There are many grassroots projects in developing countries, and it is often difficult for a Westerner to evaluate the effectiveness of those projects (at least where their theory of impact is more complex than bednets --> less malaria). It’s even difficult for us to assess the relative extent of informed public support for a grassroots project from afar. Those issues are less formidable with GiveDirectly; if the main theory of impact is to benefit Person X, we have both theoretical reasons and experiential evidence that giving Person X money is a good way to accomplish that. That doesn’t necessarily scale well to supporting grassroots work.
That being said, I can see a decent theoretical argument for (as it were) GiveDirectly for Communities—give a community a certain amount of money, and let the community decide what needs that money should go to. I can see a number of practical problems with that, though. I think your average Westerner is going to be considerably worse at evaluating projects valued at ~50 times GDP per capita than in making their own consumption/investment decisions, and I suspect that may be true in many places. The quality of many decisions made by various democratic political systems also gives me pause. So I think there would need to be evaluation and selection of proposals rather than the total deference of the GiveDirectly approach.
Ideally, we would have evaluation organizations that were more local to the populations that were being served, rather than having the big GH/D evaluator be in the United States.

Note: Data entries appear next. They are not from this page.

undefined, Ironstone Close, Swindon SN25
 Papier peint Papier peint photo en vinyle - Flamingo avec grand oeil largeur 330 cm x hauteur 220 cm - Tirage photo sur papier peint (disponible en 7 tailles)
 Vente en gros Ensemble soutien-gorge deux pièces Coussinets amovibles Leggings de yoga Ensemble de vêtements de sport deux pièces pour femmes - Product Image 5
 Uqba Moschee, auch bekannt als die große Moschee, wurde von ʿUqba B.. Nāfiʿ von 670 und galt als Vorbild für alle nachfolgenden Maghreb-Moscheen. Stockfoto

That should give us evaluators with more local knowledge, and (to be honest) those with a cost structure and business processes that would make evaluating five-to-six figure projects more feasible.
I think the combination of bottom-up approach of local communities proposing their own improvements with EA-style rigorous quantitative evaluation (which, like you say would be best undertaken by evaluators based in similar LMICs) is potentially really powerful, and I’m not sure the extent to which it’s already been tried in mainstream aid.
Or possibly even better from a funding perspective, turn that round and have an organization that helps local social entrepreneurs secure institutional funding for their projects (a little bit like Charity Entrepreneurship). Existing aid spend is enormous, but I don’t think it’s easy for people like Antony to access.
I also think there’s the potential for interesting online interaction between the different local social entrepreneurs (especially those who have already part-completed projects with stories to share), putative future donors and other generally interested Westerners who might bring other perspectives to the table. I’m not sure to what extent and where that happens at the moment.